WORK REQUEST:
Find the line containing "White Sensor Lead with SS Probe, NG6 3.5m White" in the listing below. Repeat it exactly, along with each following line up to and including the one containing "rocks 005 — Prop".

SUPPLIED DATA: Begin

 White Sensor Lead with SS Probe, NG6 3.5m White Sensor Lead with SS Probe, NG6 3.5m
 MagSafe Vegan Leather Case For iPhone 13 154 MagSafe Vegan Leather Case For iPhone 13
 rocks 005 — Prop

SUPPLIED DATA: End
SUPPLIED DATA: Begin

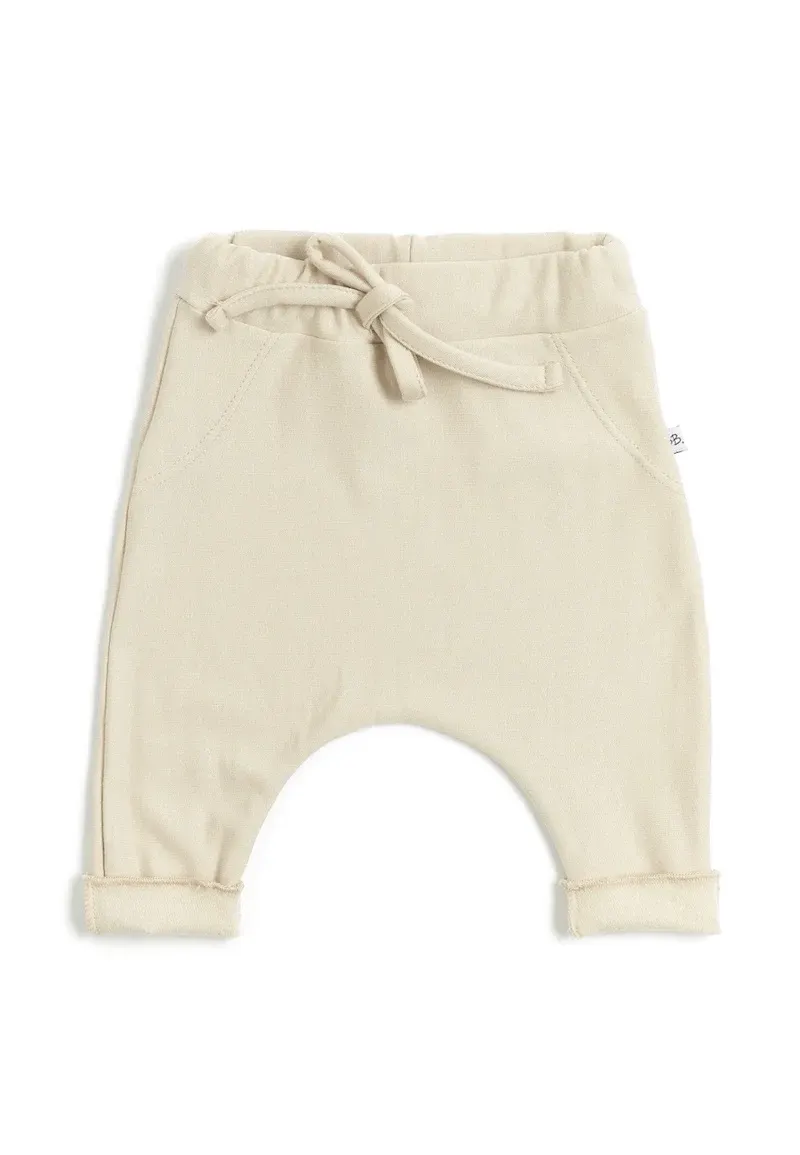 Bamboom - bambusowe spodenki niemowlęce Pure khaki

SUPPLIED DATA: End
SUPPLIED DATA: Begin

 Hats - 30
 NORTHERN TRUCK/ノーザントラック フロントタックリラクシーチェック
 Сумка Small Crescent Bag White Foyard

SUPPLIED DATA: End

RESPONSE BOX:
 White Sensor Lead with SS Probe, NG6 3.5m White Sensor Lead with SS Probe, NG6 3.5m
 MagSafe Vegan Leather Case For iPhone 13 154 MagSafe Vegan Leather Case For iPhone 13
 rocks 005 — Prop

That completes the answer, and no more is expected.